You have a clear grasp of wire function and you laid it out in black and white (/2 cable is black and white). Trouble is, you're colorblinded. I'd like you to color-code your wires, and I think this will suddenly become obvious.

Get some red tape

(And black too, while you're at it.)

And now tape your wires. First rule of wire is tape both ends at the same time, don't mark one end then forget to mark the other or you'll lose your mind. Second, once you have taped a wire, the wire is now that color. You don't need white tape since you cannot mark colored wires to be a neutral.

Start with the thing that is required by Code: marking your retasked white wire. Your white wire which is always-hot, mark that with black tape.
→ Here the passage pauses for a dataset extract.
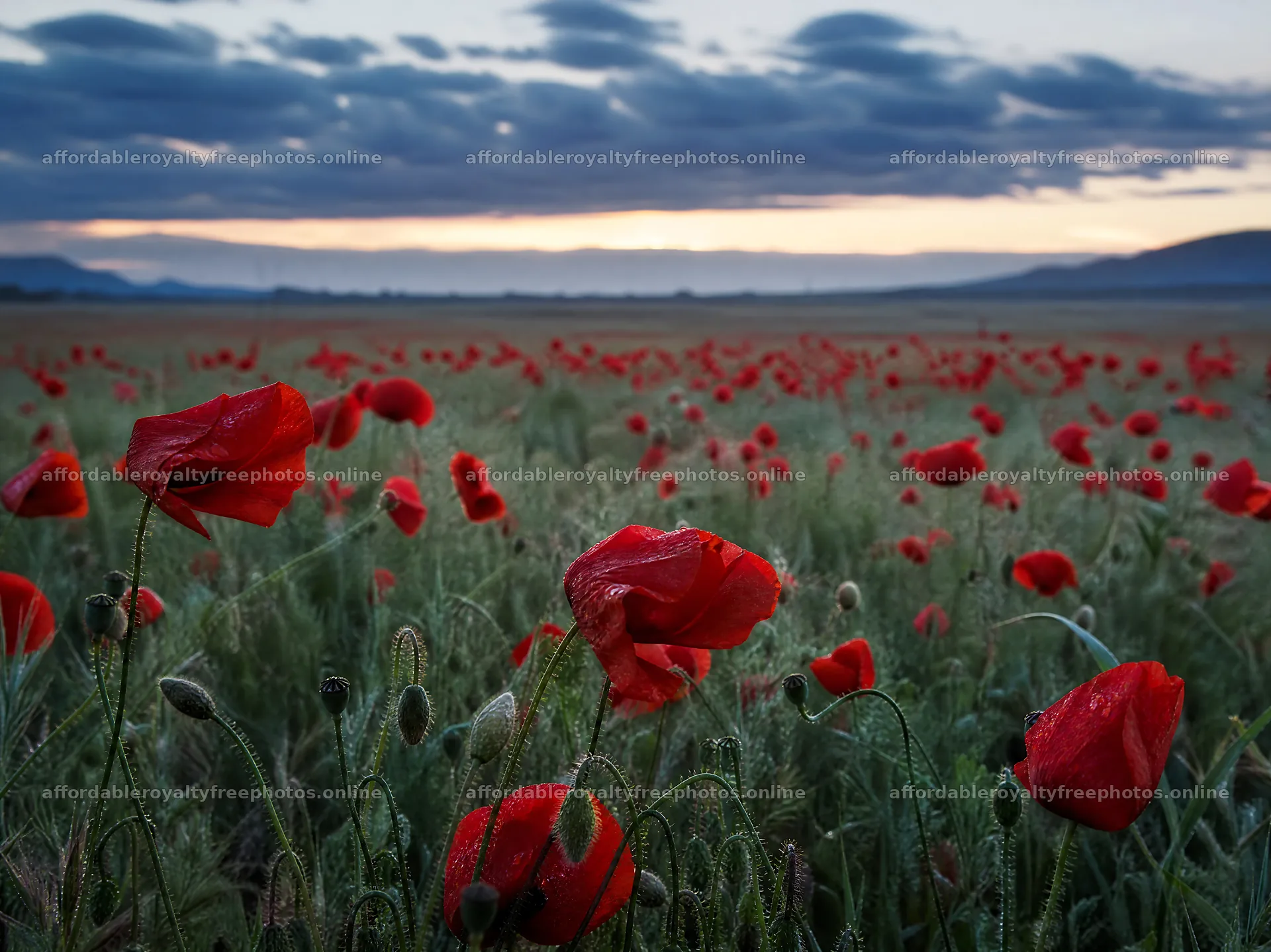 Dewy meadow filled with bright red poppy flowers at dawn – royalty-free photos 9172x6868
Black is the color of always-hot. **

Now you have a switched-hot wire in that switch loop. You used the black wire which is fine, but mark it with red tape. Red is the color of switched-hot. ***

That was easy.

Whatcha got

Now go to your last lamp box (nearest the switch), remember a marked wire is that color, and you see a very obvious problem.

  • Neutral/white lands on the lamp, as it should...
  • Switched-hot/red lands on the lamp, as it should...
  • Always-hot/black upstream is nutted to always-hot/black switch loop...
  • but nothing carries switched-hot upstream to the other lamps.
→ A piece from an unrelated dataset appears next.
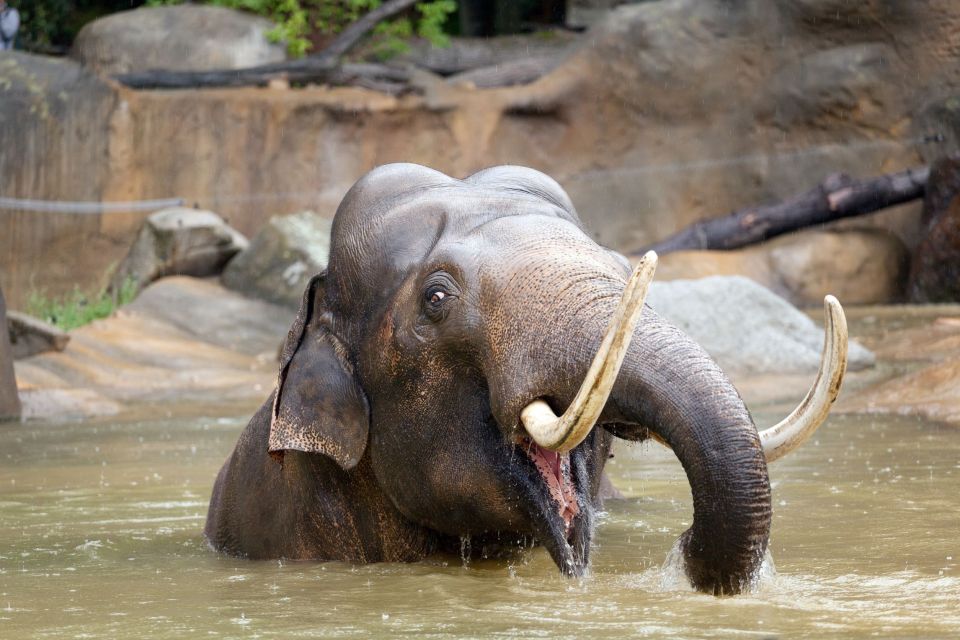 Prague: Boat Ride to the Zoo and Admission Ticket - The Return Transfer: The One Part You Should Watch Closely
Open up the next lamp and you see white/neutral to the lamp, as should be, black/always-hot to the lamp, and that's why they're always on.

Fix it

Now you see, to control the other lamps, you need switched-hot running back to the other lamps. So you need /3 Romex, which conveniently contains a red wire. That's straightforward and I trust you can figure it out.
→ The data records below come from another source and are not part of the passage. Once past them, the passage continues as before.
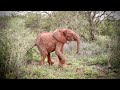 Rescue of Orphaned Elephant Manda | Sheldrick Trust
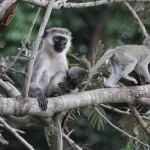 Busumi Groene Meerkat (Cercopithecus Aethiops) (0874)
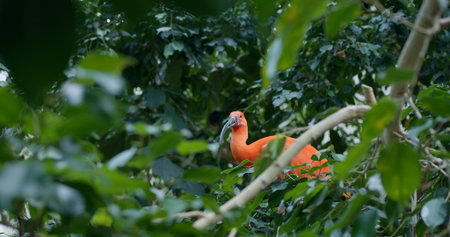 Red Ibis in close-up stunning bird with vivid plumage exemplifies South American wildlife Beautiful...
However there is another Code requirement. You must now run real-neutral on the switch loop.. The reason is for future support of smart switches. So you also need the always-hot, switched-hot and neutral triplet down to the switch. That means you have to use /3 cable on the switch leg also.

That means you can just do the works in /3, which gives you access to native wires with all the right color codes, and I just wasted your money on tape :)


** This is a convention (but a very smart choice when working in Romex.) If some guy in a factory wanted to use pink-with-green-stripe for always-hot, that's his call, as long as he is consistent throughout the facility.

*** That is also a convention, but one which plays very well with the fact that in /3 cable, the third wire is red.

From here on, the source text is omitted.